LFTR fuel is molten; “melt down” is standard operation. Fuel circulates through the reactor, and gets completely fissioned. No expensive fuel rod fabrication. No storing spent fuel rods in cooling ponds. No catastrophic fuel melting out of fuel rods. No risk of spewing radioactive material into the atmosphere if fuel rods overheat.

Fission byproducts are continuously and easily removed from molten fuel, for 99+% fuel consumption. (Byproducts trapped in fuel rods in a solid-fuel reactor, stop the nuclear reaction with <2% of the fuel used; the fuel rod then has to be replaced.)

In any emergency, a frozen plug melts and the fuel quickly drains out of the core into tanks where nuclear fission is physically impossible. Radiation is contained by materials that remain solid at temperatures much higher than inside the reactor, with passive air cooling. This safety feature is only possible with molten fuel. (In solid-fueled reactors, you have to override everything that normally happens in the core and bring in coolant.)

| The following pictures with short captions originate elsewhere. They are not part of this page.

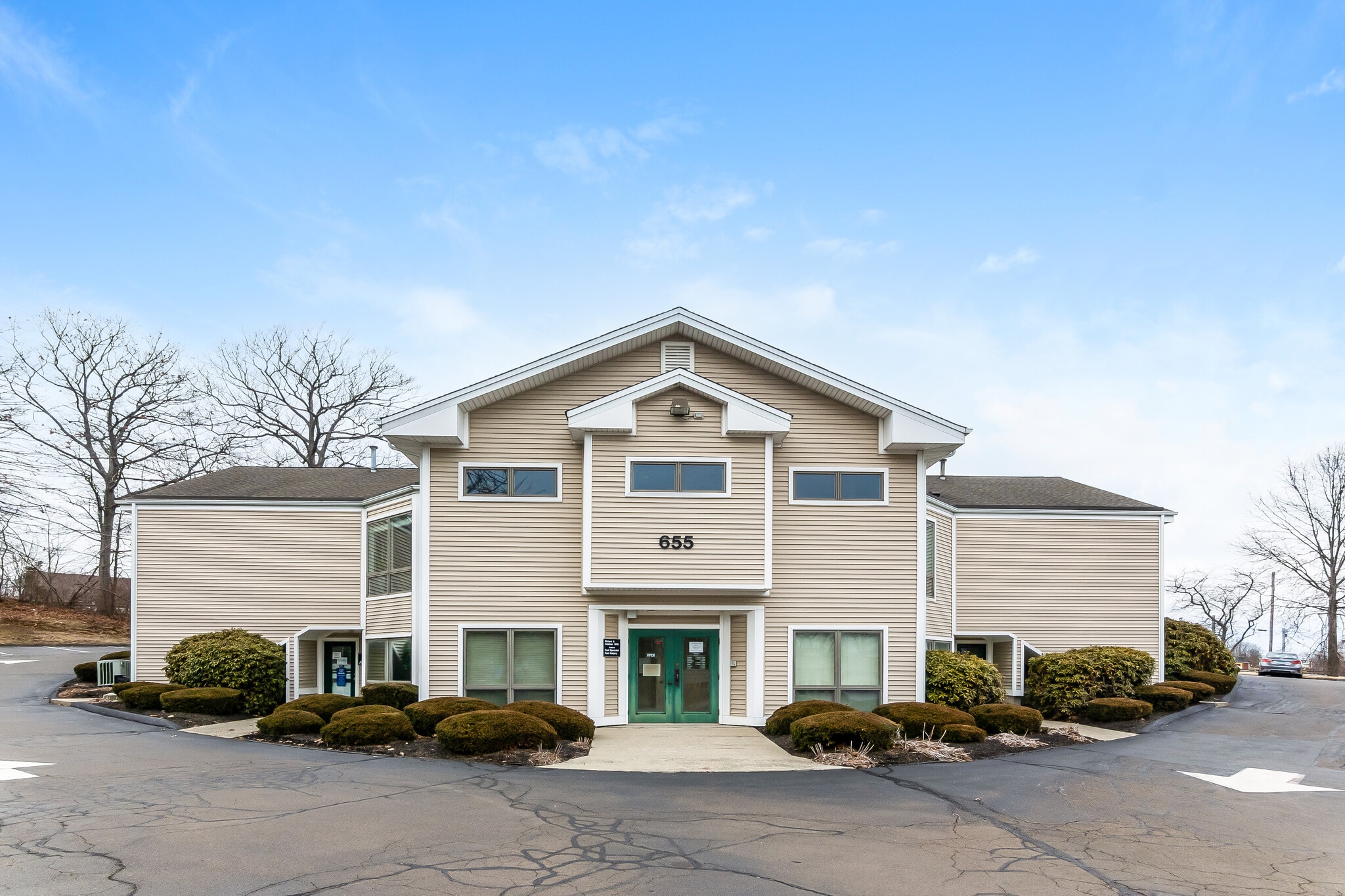 655 Saw Mill Rd, West Haven, CT 06516 Office for Lease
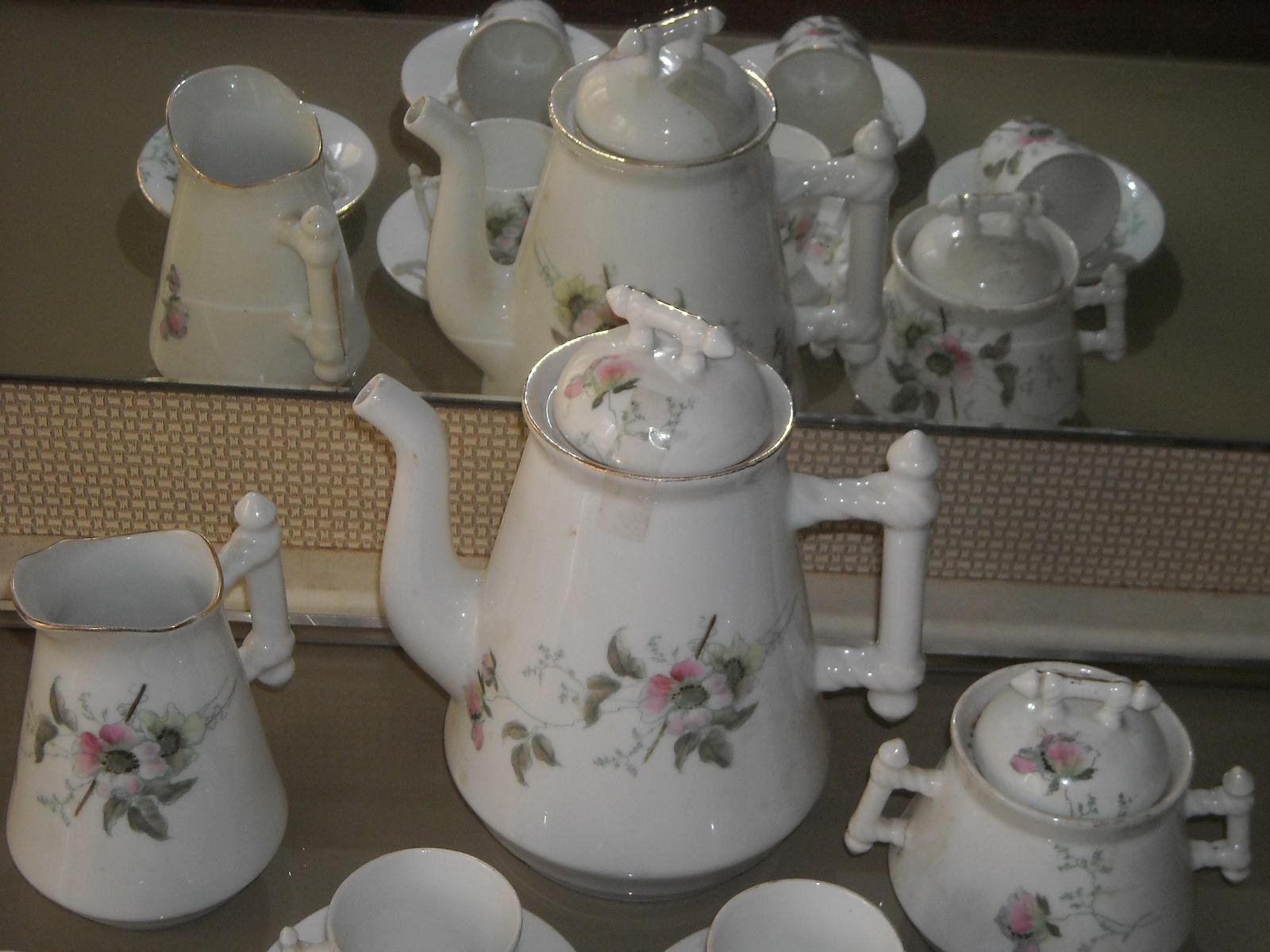 Antico Decorativo Servizio Da Tavola, Porcellana Da Collezione, Floreale, Caffe immagine 4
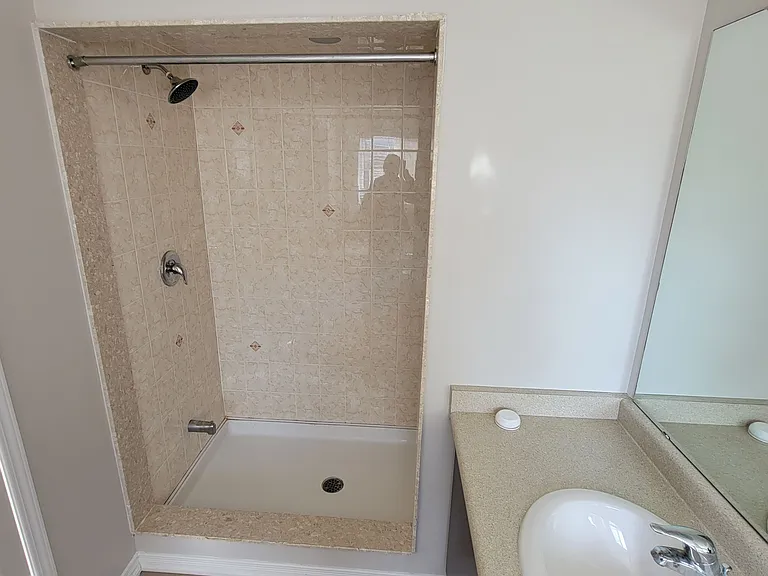 147 Baffin Cres #1 — Photo 8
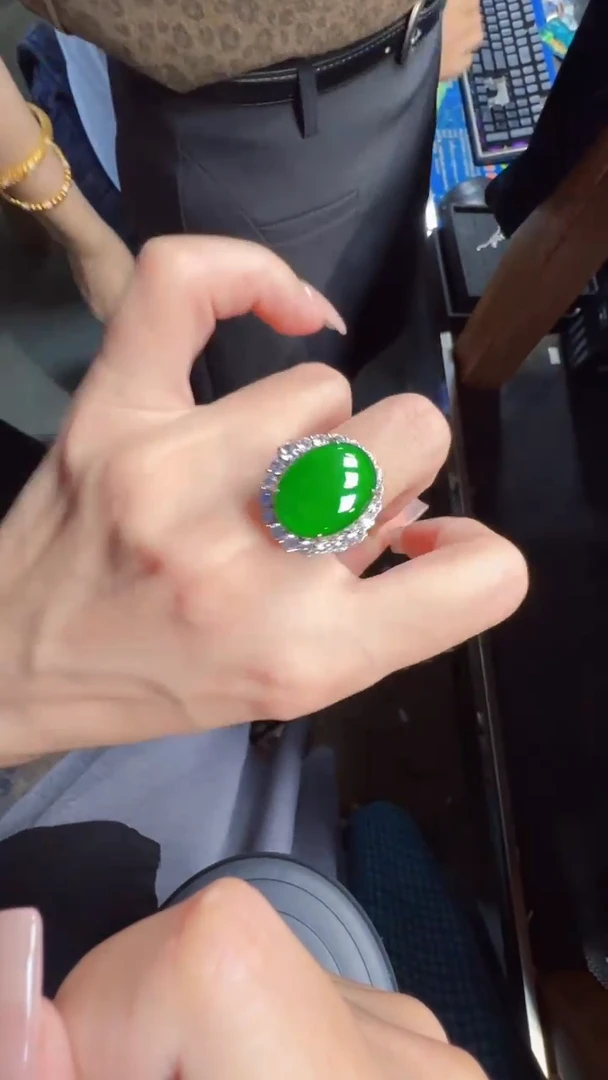 未镶嵌定制翡翠翡翠A货有轻微色差属于正常现象，戒指多样性发货1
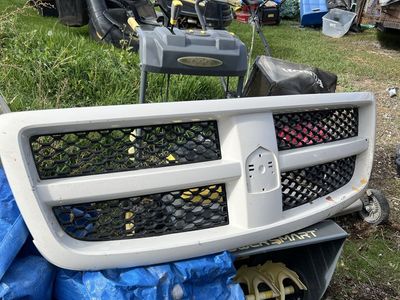 2009 Dodge hemi Hood Grill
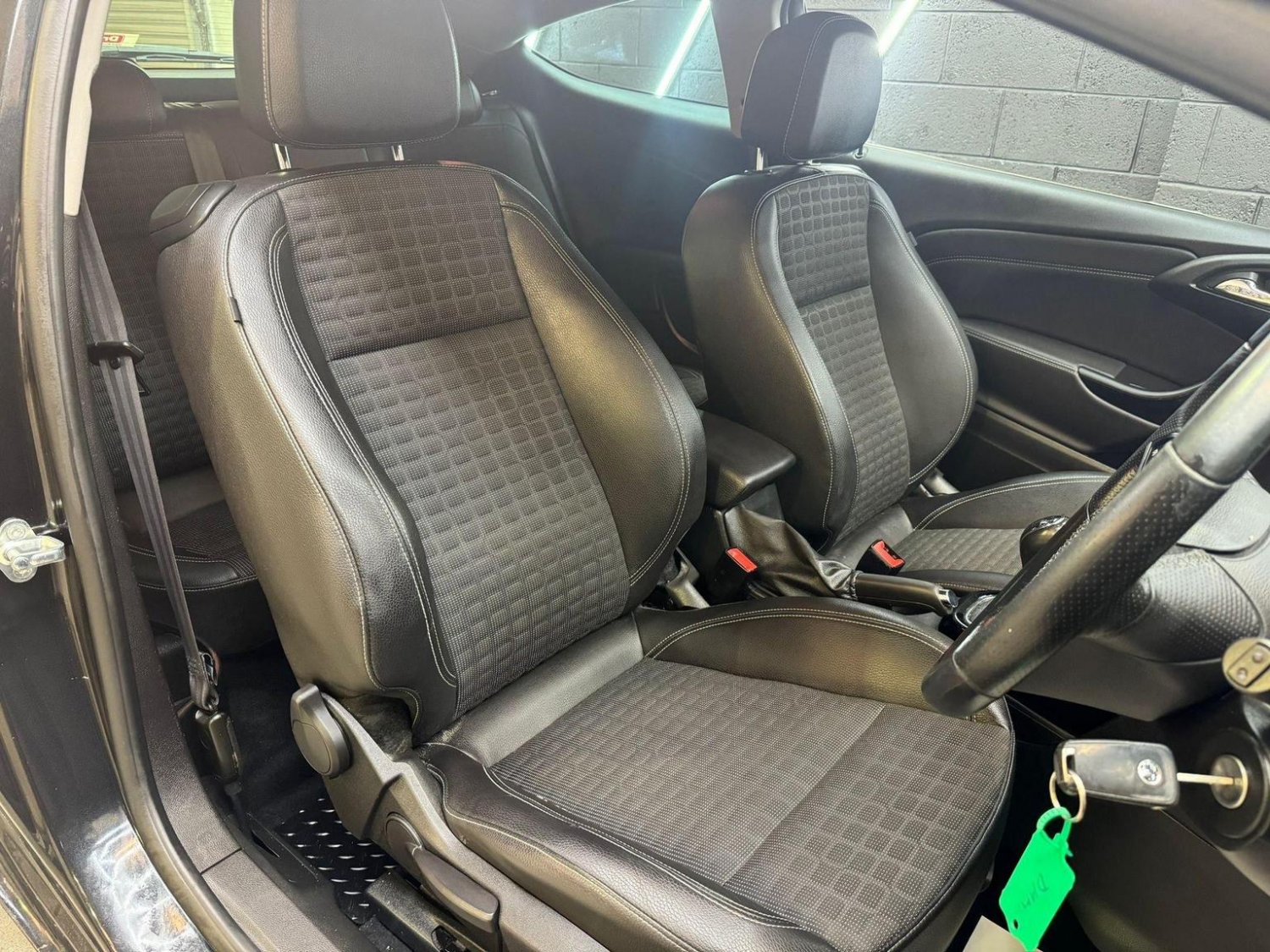 Used Vauxhall Astra GTC 2016 for sale - 76725753: Photo 29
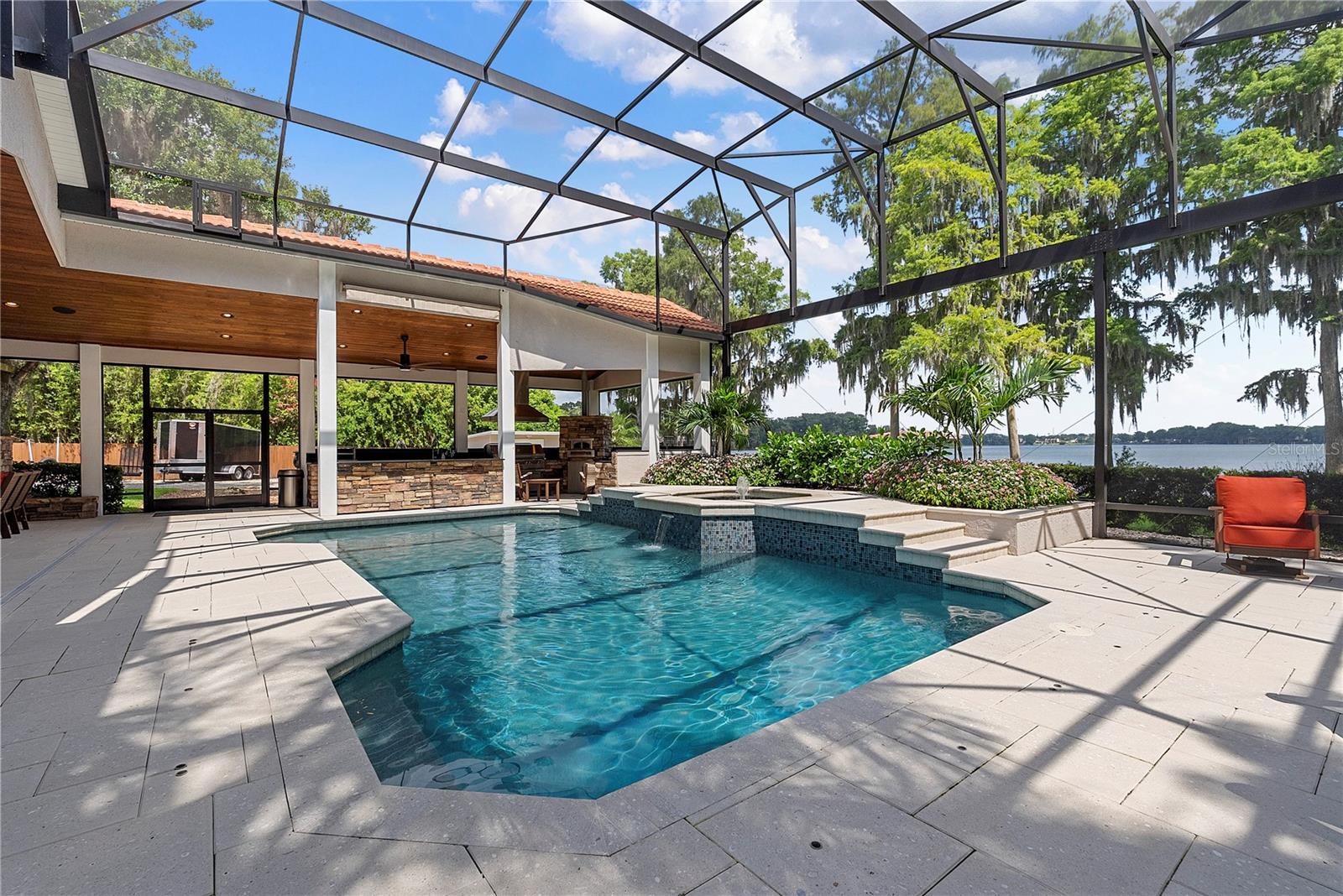 2622 LAKE HOWELL LN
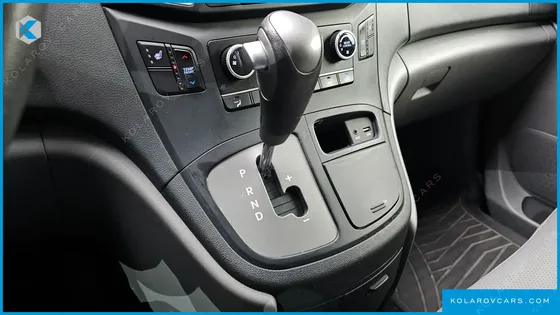 HYUNDAI STAREX WAGON 12-SEATER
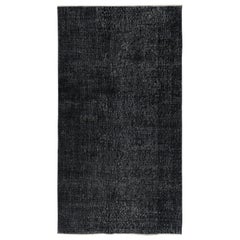 3.7x6.7 Ft Tappeto nero sovratinto fatto a mano. Tappeto turco vintage per il soggiorno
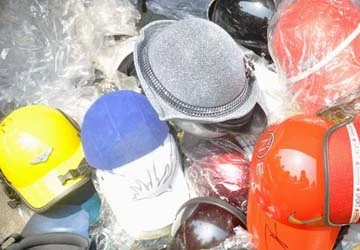 TP HCM thu giữ hơn 3.000 mũ bảo hiểm rởm ảnh 1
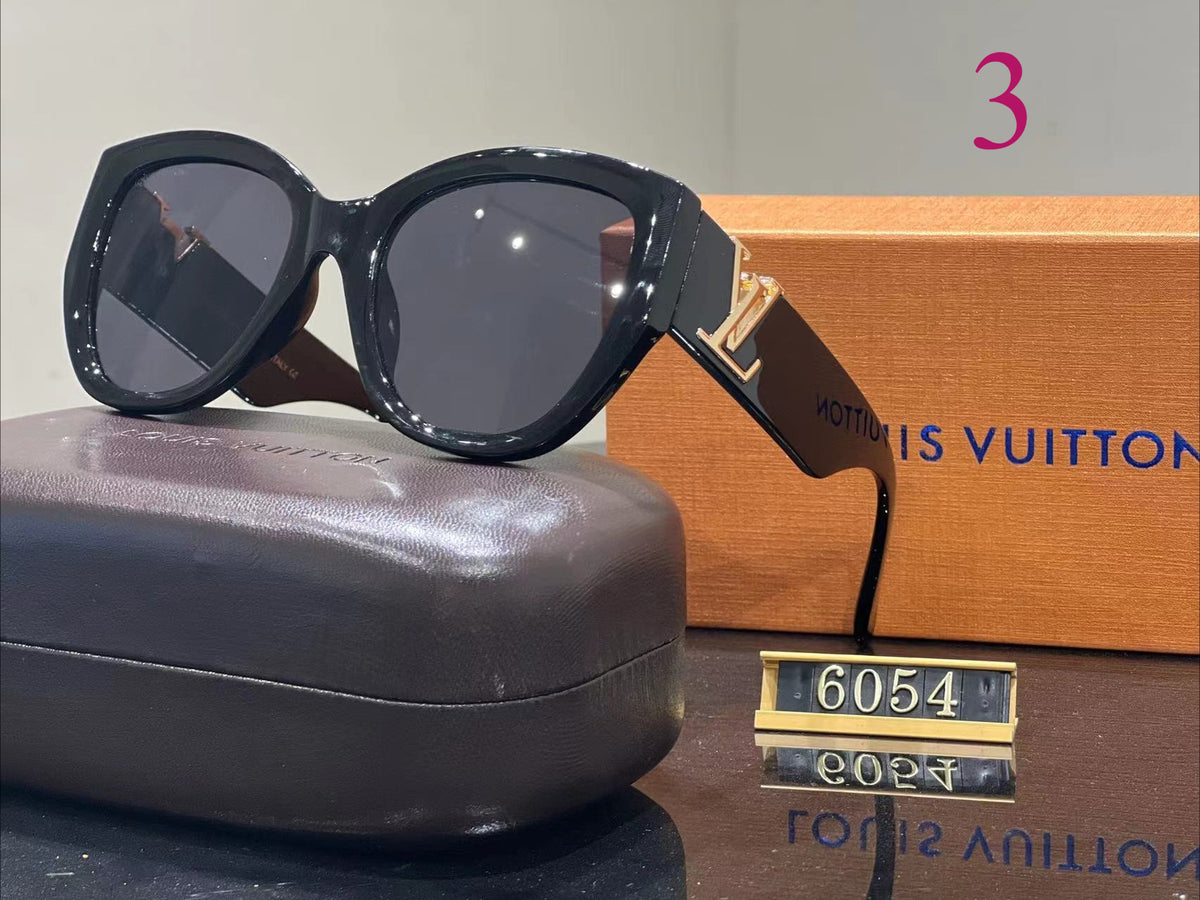 Oversized Butterfly Sunglasses with Rounded Frames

Even if an accident blocks the fuel from draining (e.g. earthquake or sabotage crimps the pipe), the reactor vessel materials can handle the hottest the fuel can possibly get, unlike with LWR.

In LWR, if there is a “loss of coolant accident”, the coolant is gone, the fuel rods melt, the careful spacing of the fuel is gone, the fuel is now more dense than the reactor was designed for. The fuel temperature gets hotter than normal, but the temperature in the fuel pellets is normally much hotter than the reactor vessel can handle.

In MSR, the fuel is molten in the salt, and chemically bound to the salt, the same temperature as the salt, and the salt can’t boil away — the fuel doesn’t get more dense except by thermal expansion/contraction (if it gets hotter it gets less dense), strongly regulating fission rate. No catastrophe possible.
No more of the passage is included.